Your approach is not correct because you did not use the fact that the momenta are equal in agnitude and opposite in direction. Furthermore, your conclusion does not follow from the work that you have shown. The last equation is an expression for the speed of the thorium. You have not explained your reasoning in terms of this equation that leads to your conclusion
haha0p1 said:
Hence, the statement 'slightly less than T' will be correct
 
  • #7
kuruman said:
Your approach is not correct because you did not use the fact that the momenta are equal in agnitude and opposite in direction. Furthermore, your conclusion does not follow from the work that you have shown. The last equation is an expression for the speed of the thorium. You have not explained your reasoning in terms of this equation that leads to your conclusion
Can you please explain to me how we got the right answer.?
 
  • #8
I would write separate equations for the kinetic energy of the thorium and the alpha. I would then use the momentum conservation equation to relate the alpha speed to the thorium speed. Do that first and maybe you will see where to go from there.
 
  • #9
There are two equations for kinetic energy i.e, Ek= p²÷2m & 1/2mv². Which one should i use from these two for finding separate kinetic energies for the alpha particle and thorium
 
  • #10
Use the first form and write the total kinetic energy. It should be easier to see what’s going on.
 
  • #11
kuruman said:
Use the first form and write the total kinetic energy. It should be easier to see what’s going on.
Solving the question through your method:
T=(Pth²÷2×234)+(pa²÷2×4)
=((234×v1)²÷468)+((4×v2)²÷8)
= 117v1²+2v2²
What should I do next. Also note that I am facing the problem that i was facing from the beginning i.e: The value of V1 (velocity of Thorium) and V2 (velocity of alpha particle) is still there.
 
  • #12
haha0p1 said:
Solving the question through your method:
T=(Pth²÷2×234)+(pa²÷2×4)
=((234×v1)²÷468)+((4×v2)²÷8)
= 117v1²+2v2²
What should I do next. Also note that I am facing the problem that i was facing from the beginning i.e: The value of V1 (velocity of Thorium) and V2 (velocity of alpha particle) is still there.
You are still not using conservation of energy. What other energy change occurs in the reaction?
 
  • #13
haruspex said:
You are still not using conservation of energy. What other energy change occurs in the reaction?
I am not getting your point. As far as I know, conservation of energy remains same at the end of the reaction. So T will equal the energy of alpha particle+energy of thorium. I am making the equation based upon this concept. Am I missing out something?
 
  • #14
haha0p1 said:
I am not getting your point. As far as I know, conservation of energy remains same at the end of the reaction. So T will equal the energy of alpha particle+energy of thorium. I am making the equation based upon this concept. Am I missing out something?

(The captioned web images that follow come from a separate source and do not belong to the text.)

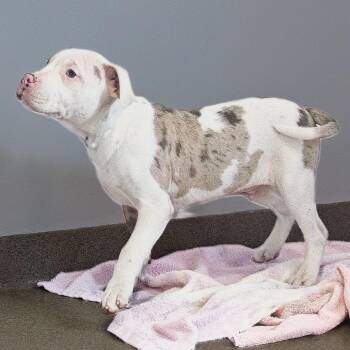 Pit Bull Terrier and Catahoula Leopard Dog Dogs Available for Adoption - Modelo | PetCurious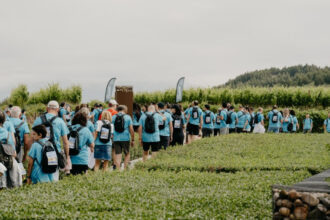 Fuente: González BYASS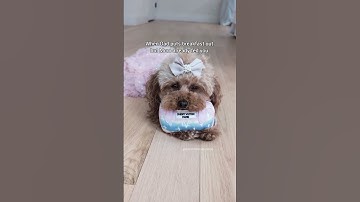 That amazing feeling 🐩🐾 I love a second meal! #dog #shorts #doggo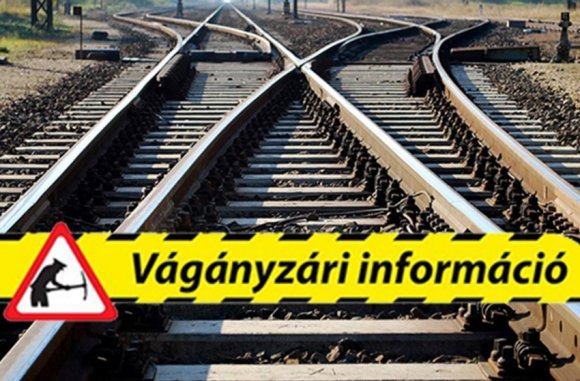 vaganyzark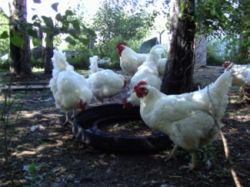 Free range chickens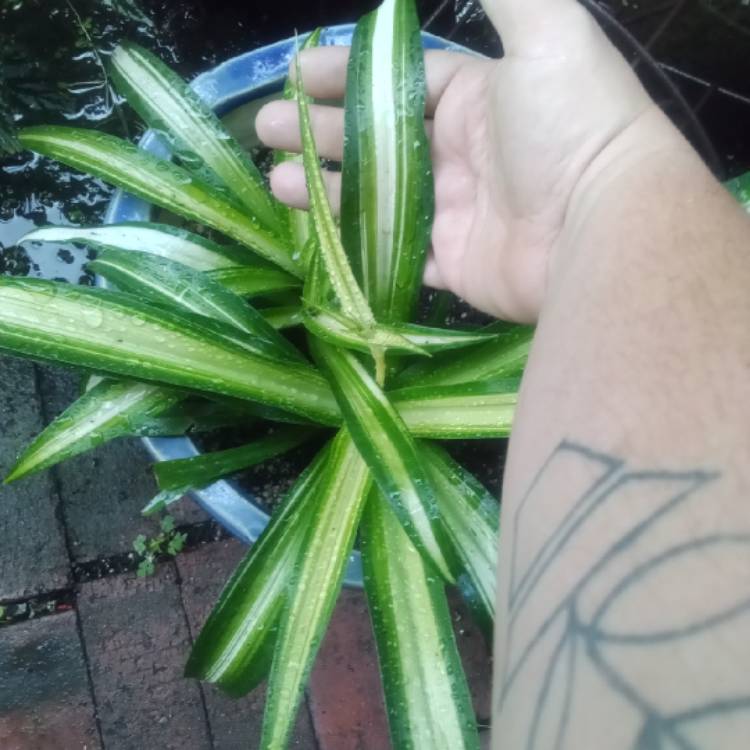 plant image 1618061 plant image 1618061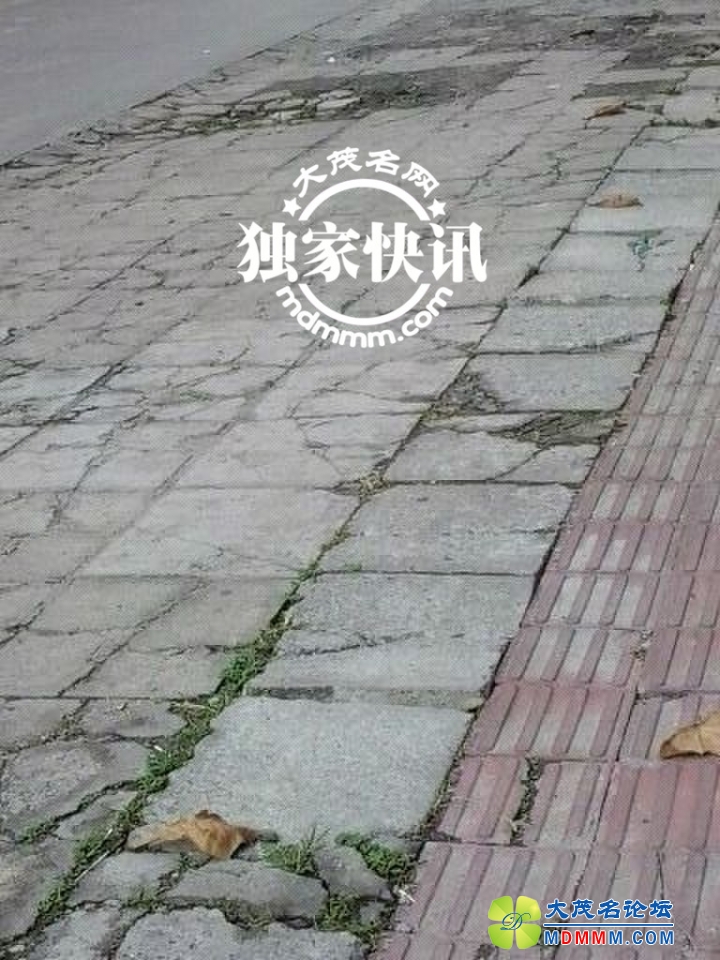 QQͼƬ20131201104435.jpg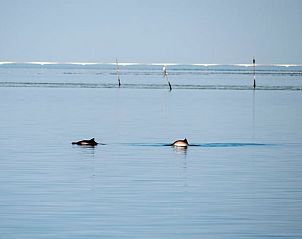 Verblijf 621621 - Vakantiewoning Walcheren - Huisje in Biggekerke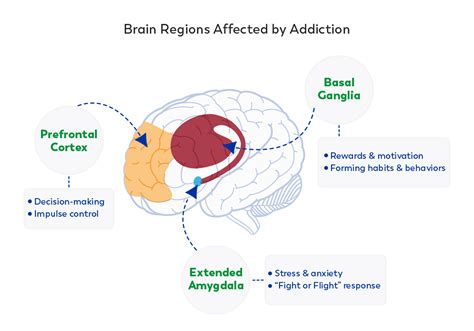 How Does Addiction Affect The Brain Ask Our Doctors By Journeypure
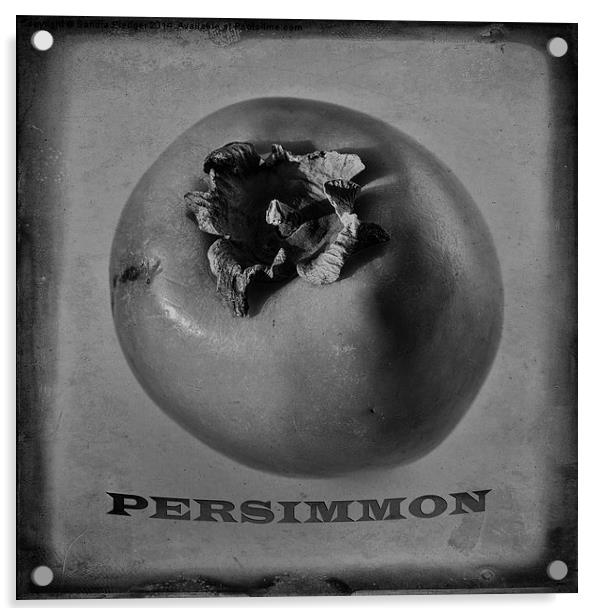  Persimmon Acrylic by Sandra Pledger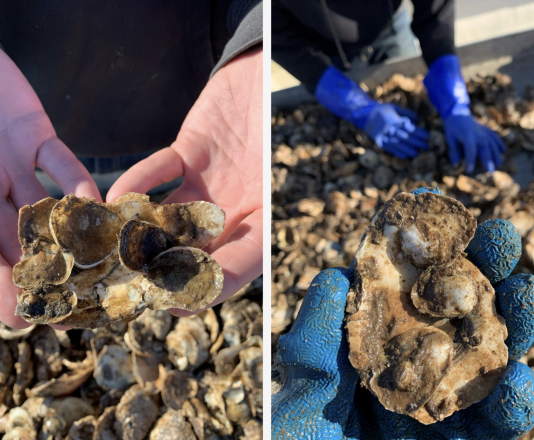Biến vỏ hàu ăn thừa từ nhà hàng thành vũ khí cứu đại dương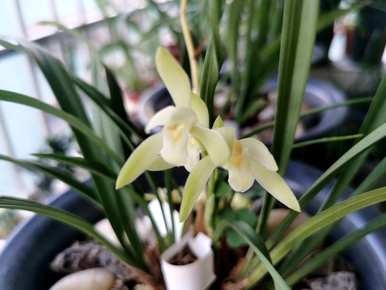 夏天开什么花，夏天开什么木本花？
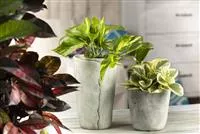 - Efeutute - unkompliziert und anfängerfreundlich  - Efeutute - unkompliziert und anfängerfreundlich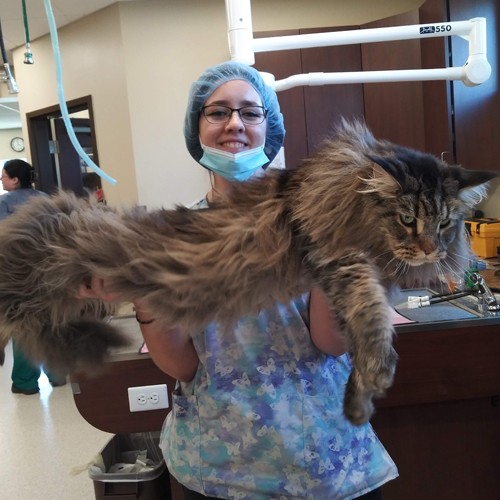 woman holding giant cat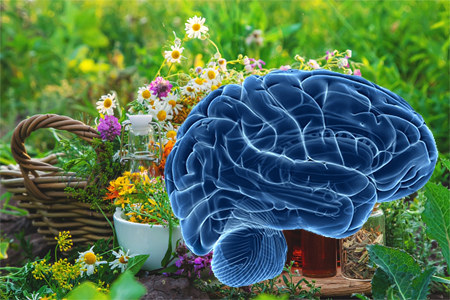 Травы для головы улучшающие мозговое кровообращение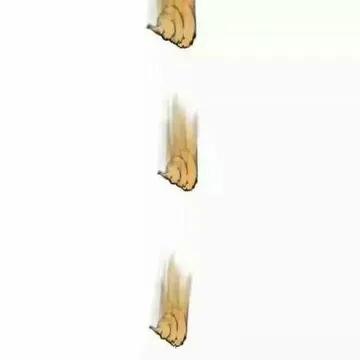 迅速掉落的粑粑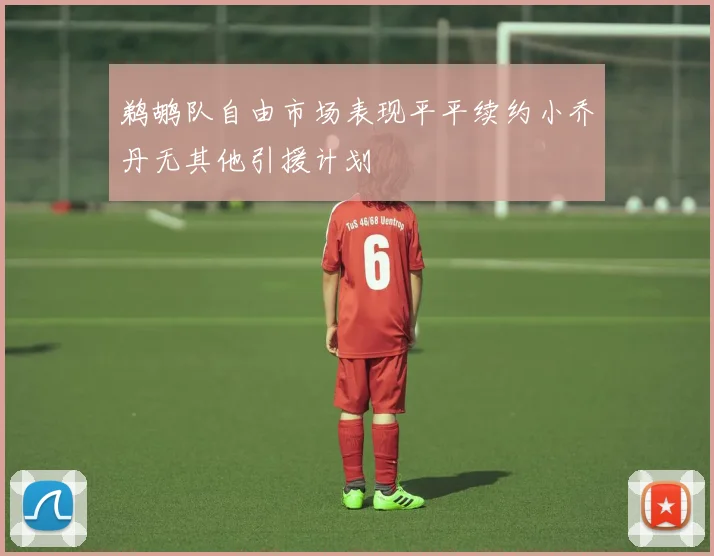 鹈鹕队自由市场表现平平续约小乔丹无其他引援计划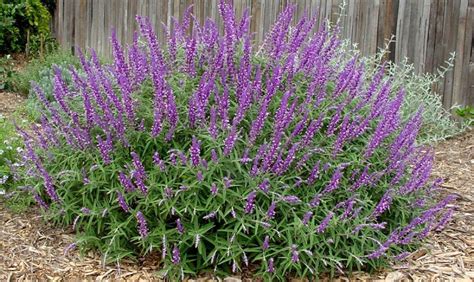 Mexican Bush Sage Live 1 Gallon Plant - Etsy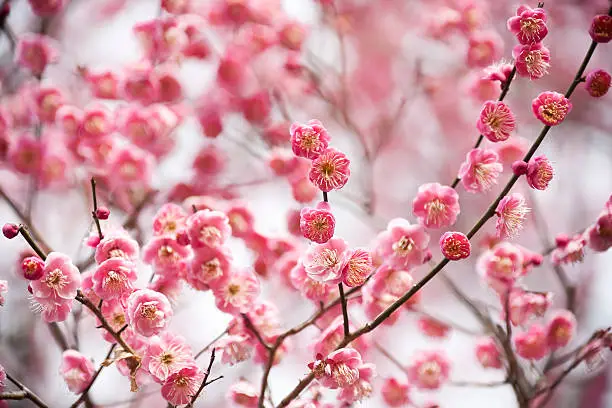 red plum blossoms in spring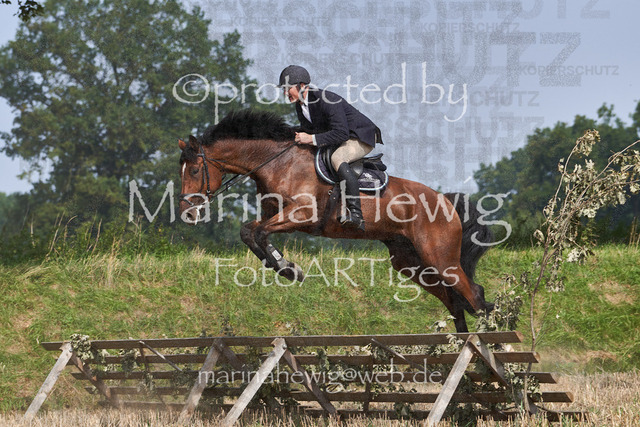 09-23 Jagd Perdöl_MCH0006_Marina Hewig | Fotografie, FotoArt, PferdesportArt, Pferdesportfotografie, Landschaftsfotografie, Reisefotografie, Reise, Pferde - Realisiert mit Pictrs.com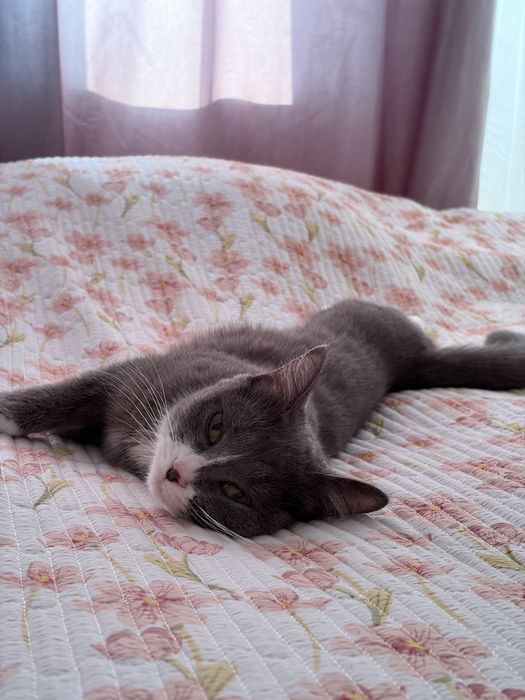 Шотландская прямоухая кошка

Where did that KE come from?
 
  • #15
haruspex said:
You are still not using conservation of energy. What other energy change occurs in the reaction?
At first the nucleus was stationary. So, the energy T is in form of chemical energy. After the emission of Alpha particle and thorium, the energy is converting to mostly kinetic energy of the particle.
 
  • #16
haha0p1 said:
At first the nucleus was stationary. So, the energy T is in form of chemical energy. After the emission of Alpha particle and thorium, the energy is converting to mostly kinetic energy of the particle.
Not chemical.
 
  • #17
haruspex said:
Not chemical.
The kinetic energy came from the internal energy of the nucleus?
 
  • #18
haha0p1 said:
Then internal energy?
Try nuclear.
But I am guilty of not checking exactly what the question asked for. It is possible to calculate T's value from the masses of all the reagents involved, but you don't need to.
Let's start again .

Working wholly symbolically (no plugging in numbers for the masses!), write the expressions for:
  • momentum of alpha particle
  • momentum of thorium atom
  • KE of alpha particle
  • KE of thorium atom
in terms of their masses and velocities.
Then write the equation relating the momenta and consider the ratio of the KEs, not their sum.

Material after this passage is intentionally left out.